● Task objective:
Please output the data exactly, minus pictures.

● Given records:
+--

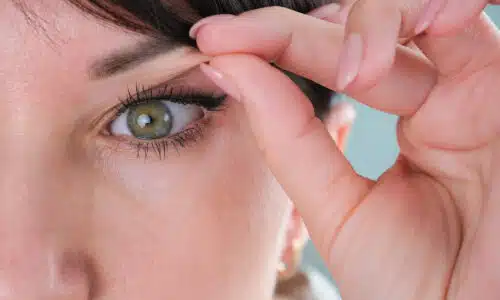 Combien coûte blépharoplastie France | Dr Elisa Pecorelli | Paris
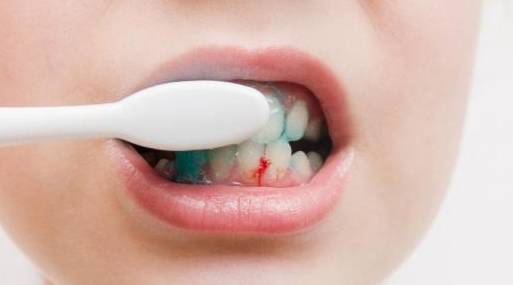 祸首|肝硬化的“祸首”被揪出，与饮酒无关，而是这种水果，要忌口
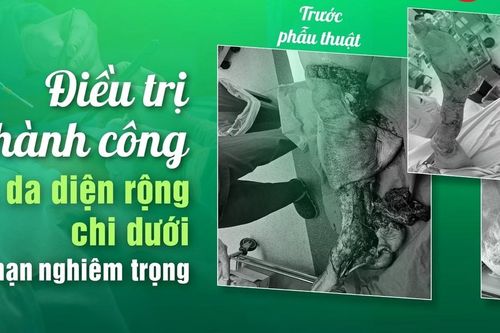Điều trị thành công ca lóc da diện rộng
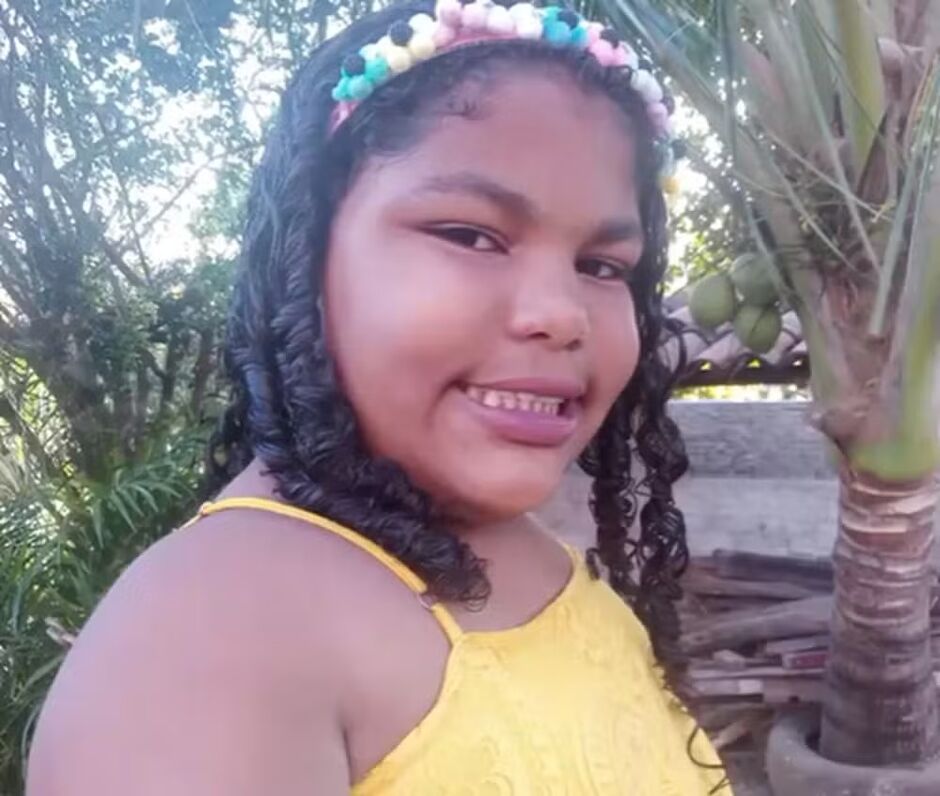 Brenda Sophia Melo de Santana estava com a língua coberta por um material esbranquiçado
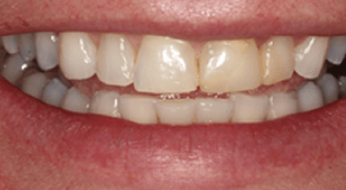 Before After3 Before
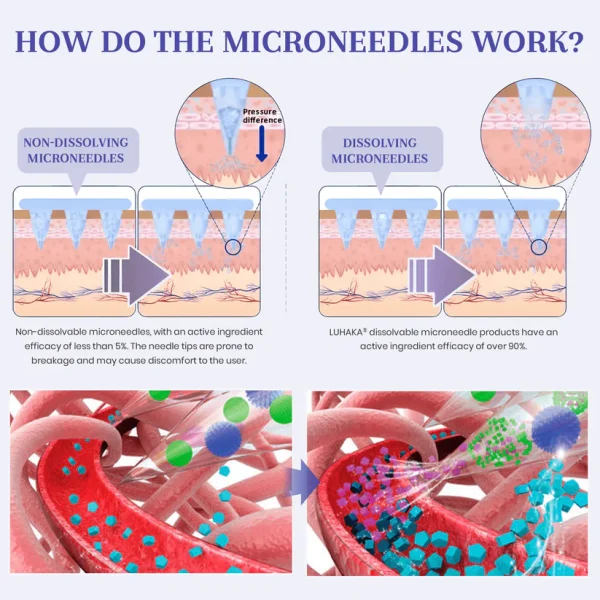 Luhaka® NIDDK-Tirzepatide Nano Microneedle Patch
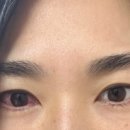 서울리더스안과의원 이미지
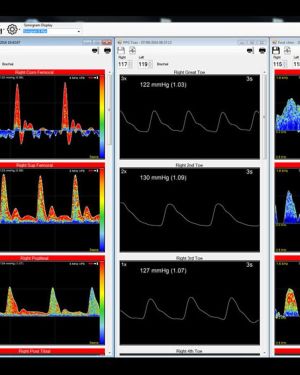 Huntleigh Dopplex Vascular Reporter Software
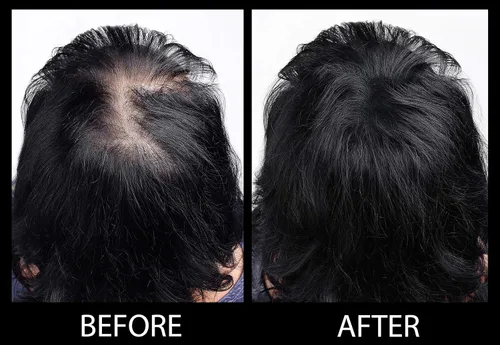 Miniatura 6 de Fibras capilares voluminizadoras con queratina real para adelgazar el cabello/pérdida de cabello – Dermatológicamente probado y certificado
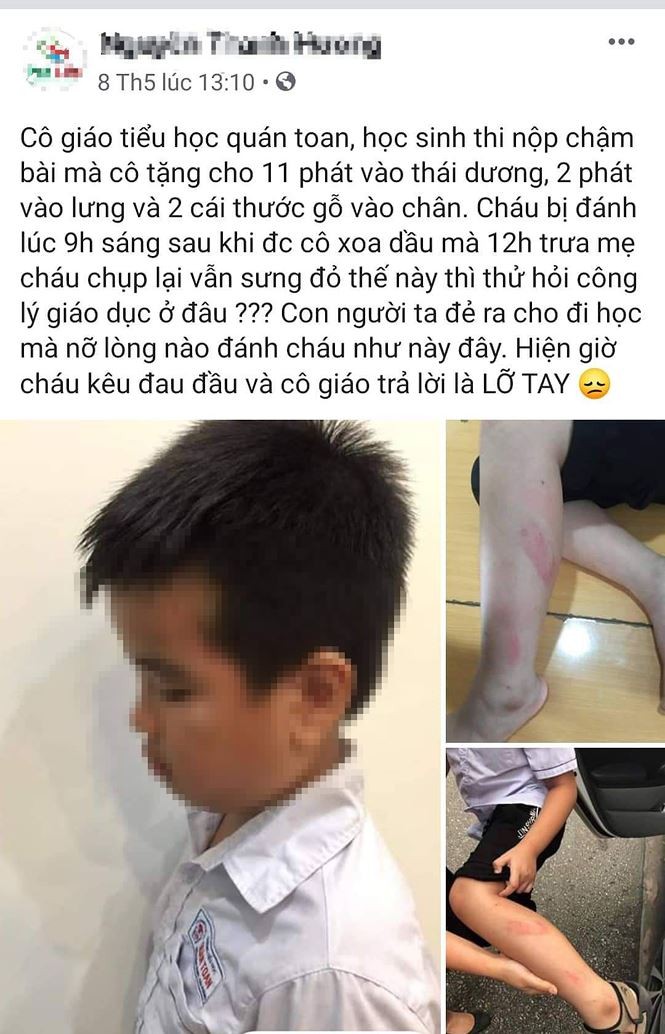 Đình chỉ cô giáo đánh học sinh lớp 2 vì làm bài chậm ảnh 1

+--

● Your response:
 Combien coûte blépharoplastie France | Dr Elisa Pecorelli | Paris
 祸首|肝硬化的“祸首”被揪出，与饮酒无关，而是这种水果，要忌口
Điều trị thành công ca lóc da diện rộng
 Brenda Sophia Melo de Santana estava com a língua coberta por um material esbranquiçado
 Before After3 Before
 Luhaka® NIDDK-Tirzepatide Nano Microneedle Patch
 서울리더스안과의원 이미지
 Huntleigh Dopplex Vascular Reporter Software
 Miniatura 6 de Fibras capilares voluminizadoras con queratina real para adelgazar el cabello/pérdida de cabello – Dermatológicamente probado y certificado
 Đình chỉ cô giáo đánh học sinh lớp 2 vì làm bài chậm ảnh 1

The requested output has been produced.